Ab 1829 ist sie durch die Ehe ihres Bruders, des Hofmalers Wilhelm Hensel, mit der Komponistin Fanny Mendelssohn auch mit Felix Mendelssohn Bartholdy verschwägert. Sie selbst weist über die Jahre mehrfach Bewerber ab, vor allem aus religiösen Gründen. Denn sie will ihr Leben Gott weihen: Am 6. März 1820 legt Luise bei dem Jesuiten Heinrich Wüsten in Düsseldorf das Gelübde der Jungfräulichkeit ab.

Auch Brentano wird durch die Freundin und ihre geistlichen Gedichte zu einer inneren Wandlung motiviert. Bereits 1817 legt der Katholik die Generalbeichte ab und bekundet die Absicht, ein tugendhaftes Leben zu führen – wohl auch, um Luise doch noch zu gewinnen. Ein gemeinsames Herzensanliegen der beiden ist die Sorge um die stigmatisierte Nonne Anna Katharina Emmerick aus Dülmen, die Luise zeitweise pflegt, während Brentano insgesamt mehrere Jahre am Bett der Nonne verbringt und deren Visionen aufzeichnet. Auf Wunsch der 2004 seliggesprochenen Mystikerin ordnet Luise nach deren Tod 1824 den Nachlass.

Das Grab der Schriftstellerin auf dem Paderborner Ostfriedhof.

Körperliche Gebrechen und Zweifel an ihrem Lebensweg

Luises letzte Jahre sind gezeichnet von körperlichen Gebrechen und Zweifeln an ihrem Lebensweg. 1872 zieht sie schließlich nach Paderborn, in die Nähe ihrer einstigen Schülerin Pauline von Mallinckrodt, zusammen mit Clara Fey und Franziska Schervier eine von drei bedeutenden – ­inzwischen seliggesprochenen – Ordensgründerinnen, die sie an der Höheren Töchterschule Sankt Leonhard in Aachen unterrichtet hatte. Luise Hensel stirbt am 18. Dezember 1876 und wird in Paderborn beigesetzt.

Auch ihre Grabinschrift erinnert an ihr bekanntestes Werk, das vierstrophige „Müde bin ich, geh’ zur Ruh“, das sie mit nur 18 Jahren im Herbst 1816 dichtet. Es wurde mehrfach vertont, umgedichtet und auch parodiert.

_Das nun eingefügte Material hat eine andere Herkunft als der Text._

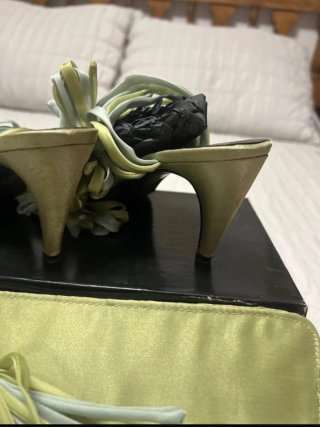 Zapatos de fiesta Tintoretto oro y verde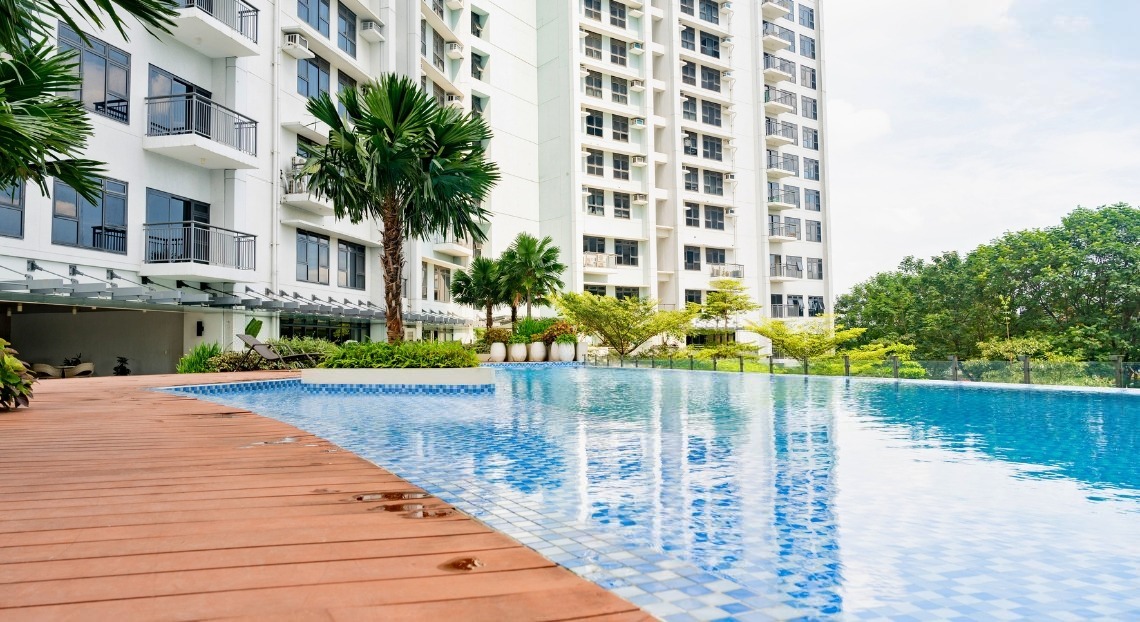 Rooftop pool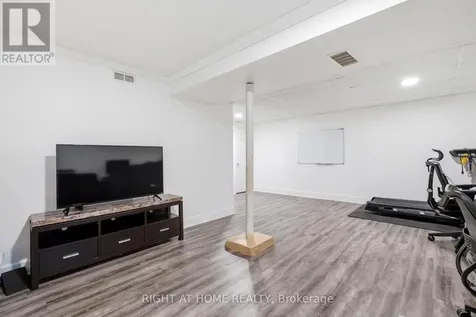 2440 Bromsgrove Road Mississauga (clarkson) ON L5J 4J7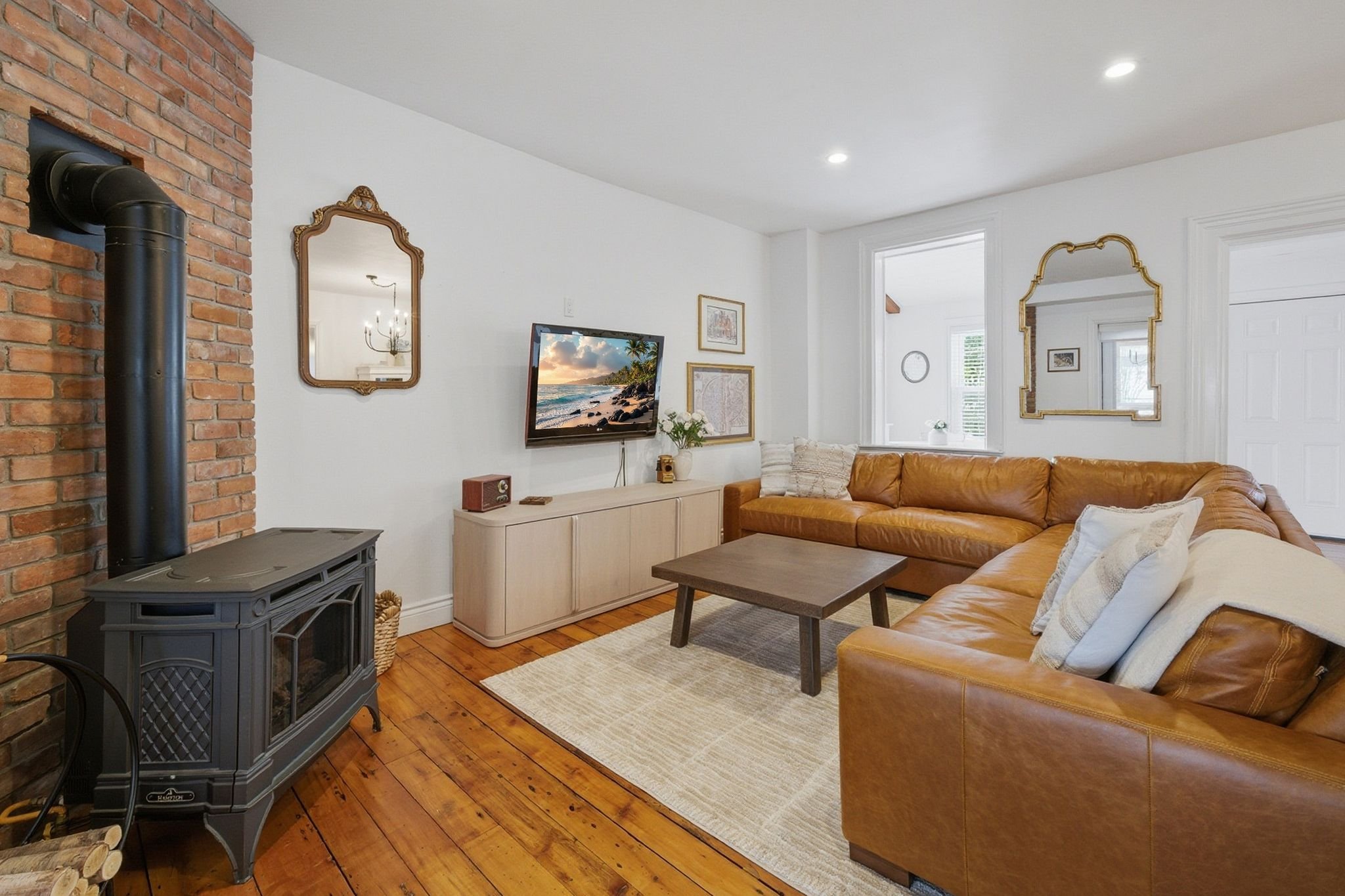 19-25 Stanley St, Bloomfield ON.jpg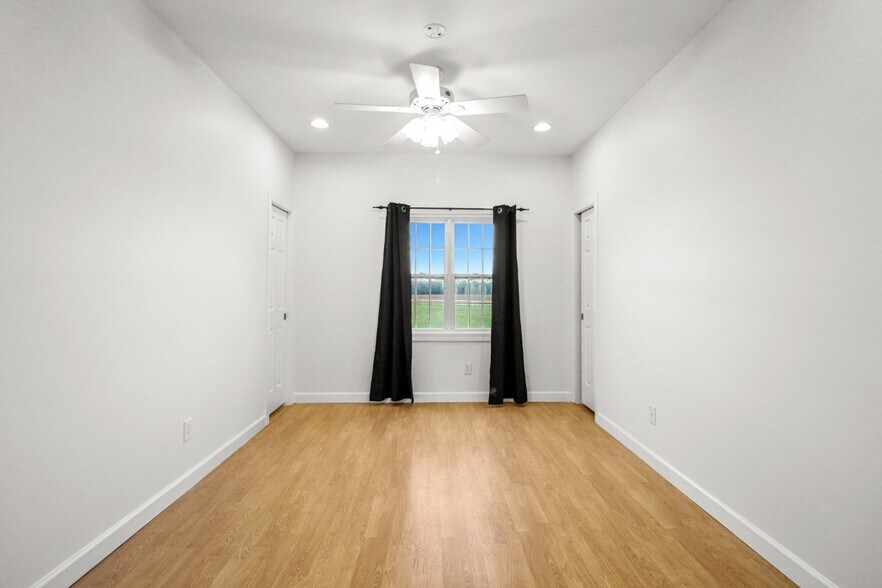 More Photos Of 14717 Friend Rd, Athens Manufacturing For Sale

Die gleichförmigen Trochäus-­Verse bewegen sich von der Bitte an Gott, über dem Schlaf des lyrischen Ichs zu wachen, über die Fürbitte für Verwandte und „alle Menschen groß und klein“ bis hin zur naturromantischen Vorstellung, dass der „Mond die stille Welt“ besehe – alles kindgerechte Bilder einer schlichten Frömmigkeit. Lediglich die zweite Strophe mit dem Verweis auf „Jesu Blut“, das „allen Schaden gut“ mache, dürfte manche Eltern heute in Erklärungsnot bringen.